Amino acid repeats avert mRNA folding through conservative substitutions and synonymous codons, regardless of codon bias

Abstract

A significant number of proteins in all living species contains amino acid repeats (AARs) of various lengths and compositions, many of which play important roles in protein structure and function. Here, I have surveyed select homopolymeric single [(A)n] and double [(AB)n] AARs in the human proteome. A close examination of their codon pattern and analysis of RNA structure propensity led to the following set of empirical rules: (1) One class of amino acid repeats (Class I) uses a mixture of synonymous codons, some of which approximate the codon bias ratio in the overall human proteome; (2) The second class (Class II) disregards the codon bias ratio, and appears to have originated by simple repetition of the same codon (or just a few codons); and finally, (3) In all AARs (including Class I, Class II, and the in-betweens), the codons are chosen in a manner that precludes the formation of RNA secondary structure.
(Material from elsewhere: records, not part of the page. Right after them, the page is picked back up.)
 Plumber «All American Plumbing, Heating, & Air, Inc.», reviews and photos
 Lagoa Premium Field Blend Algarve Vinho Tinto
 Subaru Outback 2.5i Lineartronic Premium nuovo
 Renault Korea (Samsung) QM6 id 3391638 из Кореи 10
It appears that the AAR genes have evolved by orchestrating a balance between codon usage and mRNA secondary structure. The insights gained here should provide a better understanding of AAR evolution and may assist in designing synthetic genes.
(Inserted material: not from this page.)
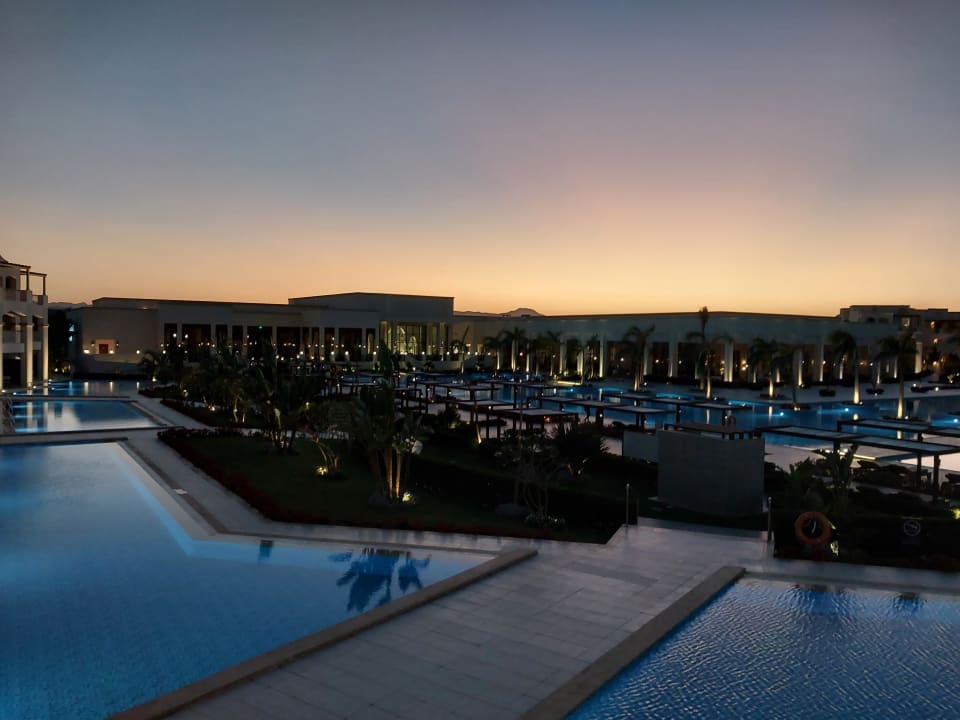 Pool Steigenberger Resort Alaya Marsa Alam - Red Sea - Adults only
Keywords: Bioinformatics; Computational biology; Genetics; Structural biology.

Fig. 1

Synonymous codon patterns of selected single amino acid repeats (SAARs). The repeats were retrieved from the human proteome as described in Materials and Methods. In each example, the protein name (e.g. Fibrosin-1) or its HGNC (HUGO Gene Nomenclature Committee)-approved symbol (e.g. SKIDA1) is followed by the residue and its number of repeats (e.g. Ala19). Panels A, B, C, D, E show, respectively, representative repeats of Ala, Gln, Pro, miscellaneous amino acids, and Arg; panel F shows the color codes used for the repeat codons and percentage of each synonymous codon use for a given amino acid in the human proteome, acquired from the Codon Usage Database, http://www.kazusa.or.jp/codon/. Note that in panel F the percentage values for the six-codon amino acids, Ser and Arg, will not add up to 100, as two codons of each have been omitted to conserve space. The vast majority of examples are uninterrupted SAARs; in a few cases, the interrupting amino acids/codons are written overhead (when space permitted) and indicated by white color. Two relatively complex repeat runs, SPT20HL1 (panel A) and RUNX2 (panel B) are marked with apparent microrepeat units and expansions. In each panel, the repeats are listed from the most Class I type (i.e. diverse, multi-colored codons) to the most Class II type (i.e. identical, single-color codons) from top to bottom, by qualitative visual inspection.

Fig. 2

Hypothetical perfect RNA hairpins formed in DAARs. Nucleotide (mRNA) sequences consisting of complementary codons (UCU, AGA) for the two types of DAARs are illustrated by Ser-Arg repeats, (S)5(R)5 and (SR)5. RNA structure prediction was conducted by the MFE method as described in Materials and Methods. In this display, the A:U base pair bonding is indicated by a single line, and G:C pair, by a double line. Note the very similar thermodynamic stability (ΔG) of the two structures, primarily because of identical base-pairs and lengths.

Fig. 3

Schematic model of AAR formation. In this scheme (as in Fig. 1), the colored boxes indicate different but synonymous codons for the same amino acid of an AAR. All AARs may start with a short sequence of a few amino acids, operationally defined as a “monomeric unit”. The starting unit as well as the final repeat, produced by imperfect replication, may have various degrees of agreement or disagreement with the organismic codon bias. DNA repeats can promote excision of units (indicated by the shorter arrow at the recombination step), but this is minimized by the imperfection of the repeats, produced by conservative amino acid replacement and substitution with synonymous codons, which at the same time prevents formation of secondary structural folds in the mRNA. The resultant codon distribution may regulate translational kinetics and folding of the AAR protein, also contributing to the overall evolution of the AAR sequence.